Charity Majors 21:06 And I mean, there are risks on the other side too. If you if you overemphasize operating stuff, then you can, you know but they're one not ones that are as common, you know? And so like you really do need you need a balance. And and the problem is that when you try to codify something that is as nuanced as this, it always comes a lot of it will always come down to individual judgment, which makes it fragile
Charity Majors 21:32 as a system in a different way and in a way that business types really are less comfortable with. Right? It's a lot they're more comfortable with being wrong, but like solidly wrong in a direction that's fairly predictable than with like you're being nuanced and well, you have to make sure that the people you hire are good. But I actually think that this is sort of related to why
Charity Majors 21:52 the expectations of engineering managers have really shot up in the past few years. I think there are a lot of reasons for this. There are a lot of different ways. You know, for a while, was like, well, engineering managers do the people problems and engineers do the technical problems, which does not work because you can't actually disentangle or distinguish them. Right? So like our expectations of managers and their technical abilities has escalated. Our expectation of managers and their ability to, like, create an emotionally safe environment.

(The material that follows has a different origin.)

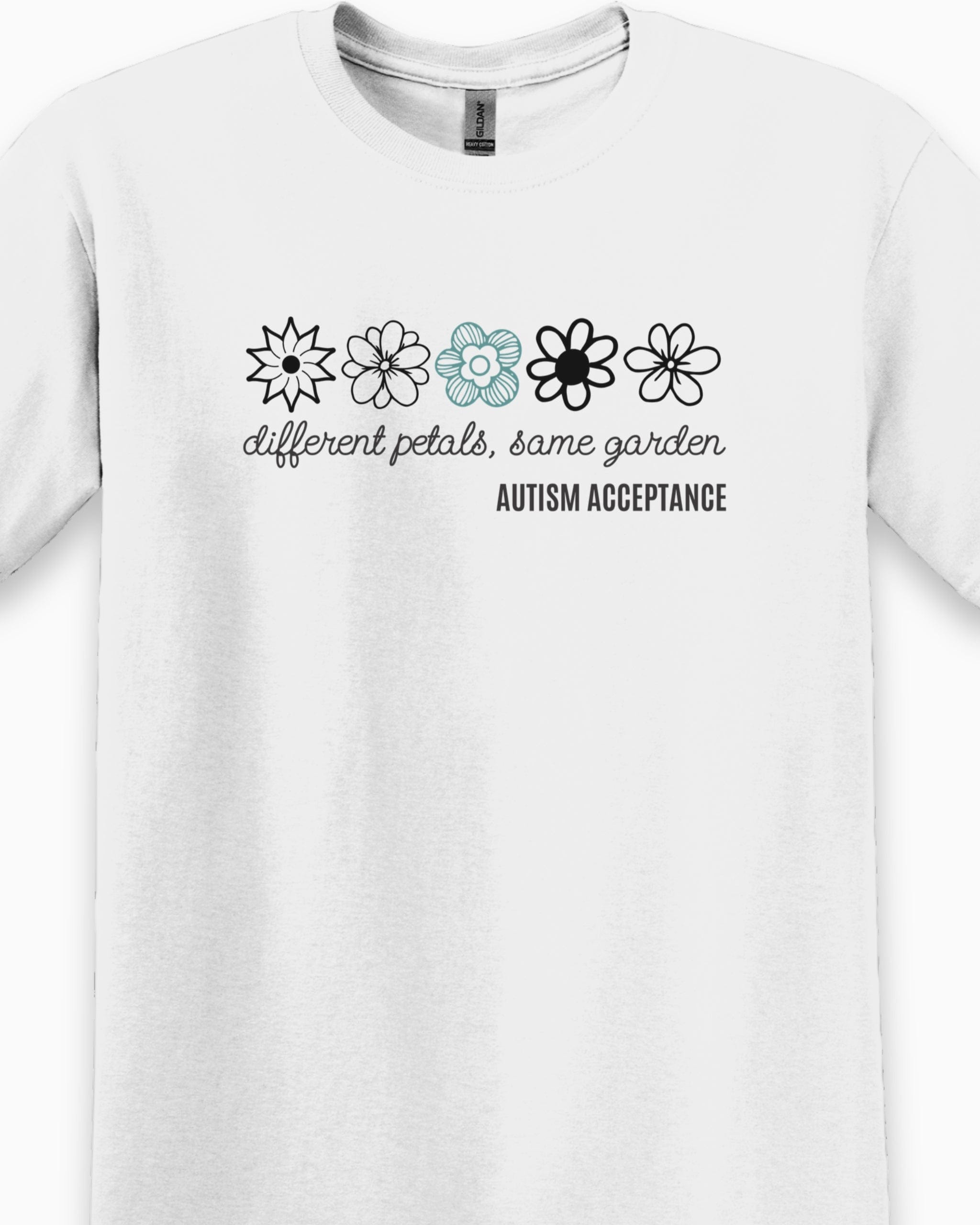 Different Petals Same Garden Flower Sketches Tee-Neurodiversity, ADHD & Autism Awareness & Acceptance T-Shirt by Daily Bloom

Charity Majors 22:21 And, you know, they've escalated pretty rapidly. And I think that this is kind of part of it because we're just I think socio technical systems are extremely complex and that some of that complexity is irreducible.

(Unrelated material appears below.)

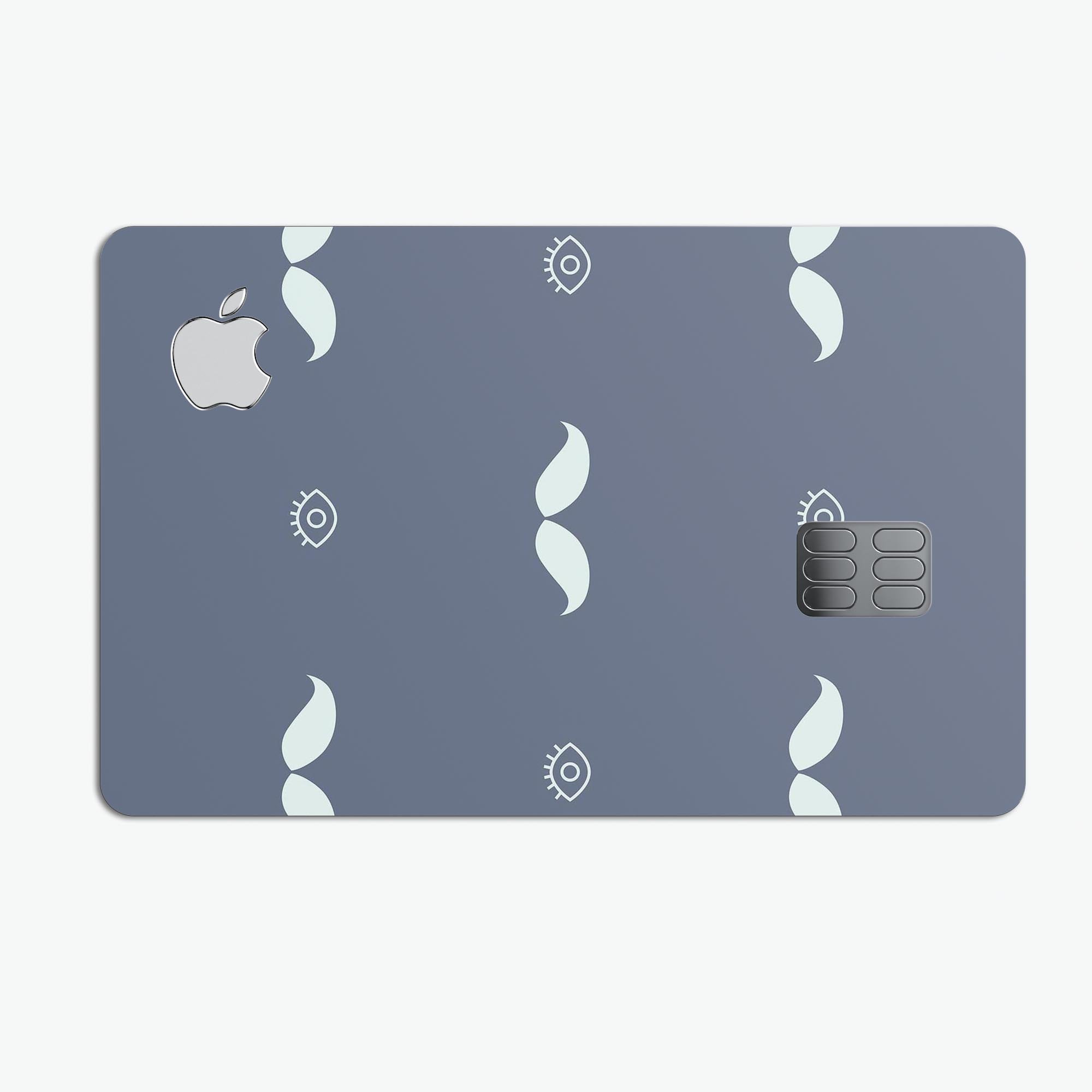 Cartoon Eyes Mustache decal on a navy background, designed for Apple Card protection.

Conor Bronsdon 22:37 As we rely on AI assisted tools, as we rely on AI agents and, you know, these other AI workflows to do different roles for us to automate different parts of what we're we're looking seeking to do. We're abstracting ourselves away from some important aspects of of different key delivery points. And I've heard you mention this concept of the cognitive decay. Others have talked about this and the risk around this with overuse of AI tooling without structure around it. What do you view as the implications for the long term development of
Charity Majors 23:11 engineering of the discipline? Yeah, there's a lot of science around this that shows that, you know, if you move from doing the work to just supervising the work, your ability goes down, like your expertise decays. This is not like an inevitability, though. It's something that, again, this has been around as long as automation has been around. Right? And, you know, I'm writing this talk right now for SRECon later this week because SREs
Charity Majors 23:38 sit in this interest they're risk managers. Right? And my pitch to SREs is like, we, with our elevated awareness of risk at all times, we need to make sure that we are like good lawyers. We don't tell you no. We tell you how to get to yes. Right? We help you choose tools with workflows that will help make you a better engineer because it's bringing you along with it. Right? You can imagine like an SRE agent agentic AI thing that's like supposed to be your SRE.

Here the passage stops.